*** Opening of Dataset extract ***

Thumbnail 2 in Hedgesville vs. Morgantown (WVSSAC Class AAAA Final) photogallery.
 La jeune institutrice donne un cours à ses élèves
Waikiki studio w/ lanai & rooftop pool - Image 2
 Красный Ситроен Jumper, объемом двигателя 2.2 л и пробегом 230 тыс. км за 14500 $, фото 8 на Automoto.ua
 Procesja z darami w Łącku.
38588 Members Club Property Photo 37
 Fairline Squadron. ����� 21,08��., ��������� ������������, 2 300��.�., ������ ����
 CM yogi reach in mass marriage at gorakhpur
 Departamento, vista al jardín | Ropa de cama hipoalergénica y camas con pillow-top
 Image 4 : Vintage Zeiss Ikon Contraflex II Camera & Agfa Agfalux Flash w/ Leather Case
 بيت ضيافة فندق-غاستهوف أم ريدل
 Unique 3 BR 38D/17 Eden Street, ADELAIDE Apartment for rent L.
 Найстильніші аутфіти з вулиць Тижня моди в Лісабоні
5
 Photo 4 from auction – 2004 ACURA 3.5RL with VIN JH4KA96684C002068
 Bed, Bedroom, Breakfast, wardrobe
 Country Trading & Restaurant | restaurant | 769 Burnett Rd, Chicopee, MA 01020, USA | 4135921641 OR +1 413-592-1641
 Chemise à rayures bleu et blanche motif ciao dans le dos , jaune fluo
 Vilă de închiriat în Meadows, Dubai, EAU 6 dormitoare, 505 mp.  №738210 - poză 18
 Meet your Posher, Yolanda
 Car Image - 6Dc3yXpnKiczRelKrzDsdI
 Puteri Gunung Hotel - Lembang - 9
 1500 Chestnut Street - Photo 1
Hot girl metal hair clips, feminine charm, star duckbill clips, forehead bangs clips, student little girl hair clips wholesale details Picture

*** Close of Dataset extract ***

## Task to complete
Write out exactly the lines that begin at the one containing "Bed, Bedroom, Breakfast, wardrobe" and continue through the last line of the data, and only those.

## Task response
 Bed, Bedroom, Breakfast, wardrobe
 Country Trading & Restaurant | restaurant | 769 Burnett Rd, Chicopee, MA 01020, USA | 4135921641 OR +1 413-592-1641
 Chemise à rayures bleu et blanche motif ciao dans le dos , jaune fluo
 Vilă de închiriat în Meadows, Dubai, EAU 6 dormitoare, 505 mp.  №738210 - poză 18
 Meet your Posher, Yolanda
 Car Image - 6Dc3yXpnKiczRelKrzDsdI
 Puteri Gunung Hotel - Lembang - 9
 1500 Chestnut Street - Photo 1
Hot girl metal hair clips, feminine charm, star duckbill clips, forehead bangs clips, student little girl hair clips wholesale details Picture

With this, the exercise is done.